GIVEN MATERIAL:
--- --- ---

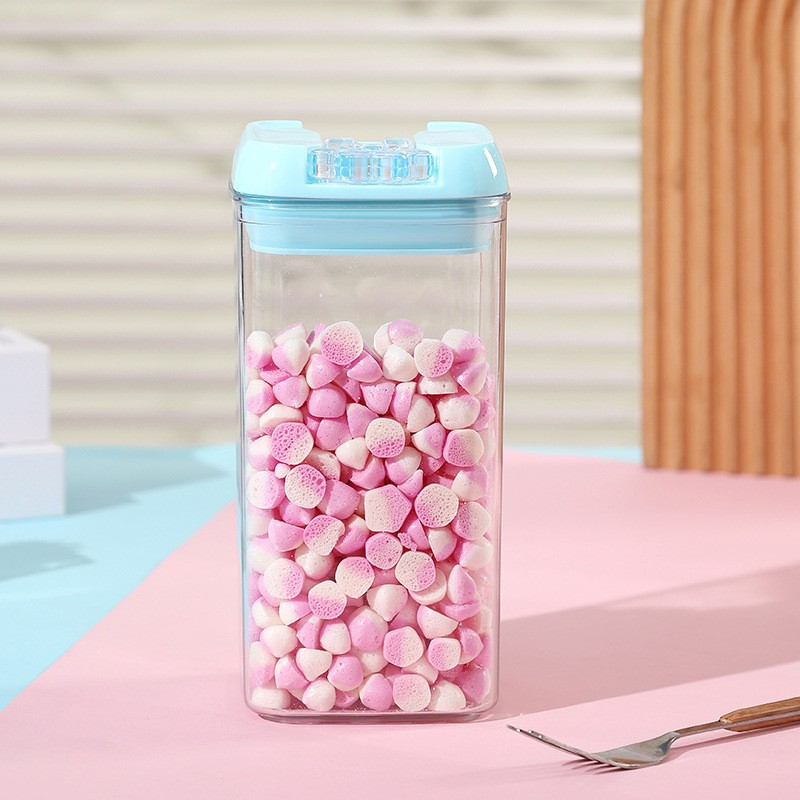 Cutie de Depozitare Alimente, 1.2L, Capac Albastru, din PP+PET, Inchidere Ermetica, 10 x 10 x 20.5 cm, Transparent [5]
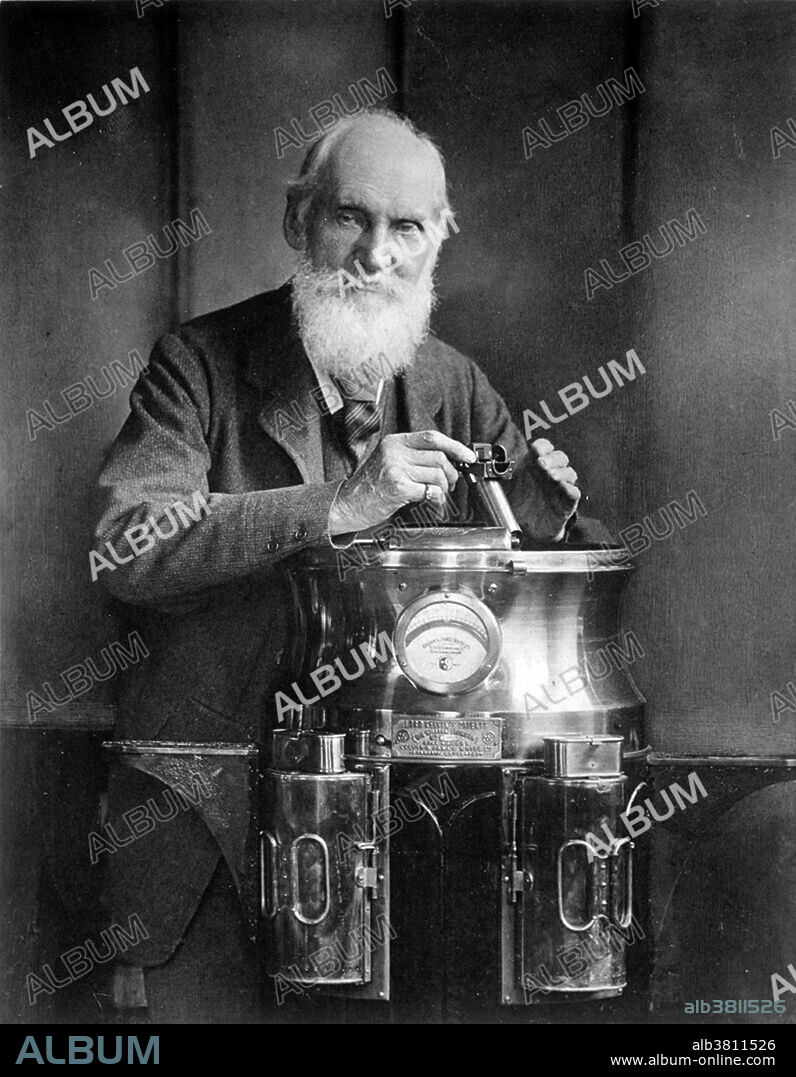 William Thomson, Lord Kelvin (June 26, 1824 - December 17, 1907) was a mathematical physicist and engineer. He did important work in the mathematical analysis of electricity and formulation of the first and second laws of thermodynamics, and did much to unify the emerging discipline of modern physics. He is widely known for realizing that there was a lower limit to temperature, absolute zero; absolute temperatures are stated in units of kelvin in his honor. He invented several instruments to improve navigation and safety. One notable example was a mariner's compass more accurate than any other in existence. Despite offers of elevated posts from several world renowned universities he refused to leave Glasgow, remaining Professor of Natural Philosophy for over 50 year. In the winter of 1860-1861 Kelvin slipped on ice and fractured his leg, causing him to limp thereafter. He died in 1907 at the age of 83. He was buried at Westminster Abbey near the final resting place of Isaac Newton.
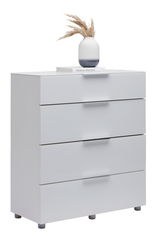 Weiße Schubkastenkommode mit vier Schubladen, dekoriert mit einer Vase und einem Buch, seitliche Perspektive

--- --- ---

THE PROBLEM: Every line of the listing above is to be repeated exactly, with its pictures left out.

RESPONSE:
 Cutie de Depozitare Alimente, 1.2L, Capac Albastru, din PP+PET, Inchidere Ermetica, 10 x 10 x 20.5 cm, Transparent [5]
 William Thomson, Lord Kelvin (June 26, 1824 - December 17, 1907) was a mathematical physicist and engineer. He did important work in the mathematical analysis of electricity and formulation of the first and second laws of thermodynamics, and did much to unify the emerging discipline of modern physics. He is widely known for realizing that there was a lower limit to temperature, absolute zero; absolute temperatures are stated in units of kelvin in his honor. He invented several instruments to improve navigation and safety. One notable example was a mariner's compass more accurate than any other in existence. Despite offers of elevated posts from several world renowned universities he refused to leave Glasgow, remaining Professor of Natural Philosophy for over 50 year. In the winter of 1860-1861 Kelvin slipped on ice and fractured his leg, causing him to limp thereafter. He died in 1907 at the age of 83. He was buried at Westminster Abbey near the final resting place of Isaac Newton.
 Weiße Schubkastenkommode mit vier Schubladen, dekoriert mit einer Vase und einem Buch, seitliche Perspektive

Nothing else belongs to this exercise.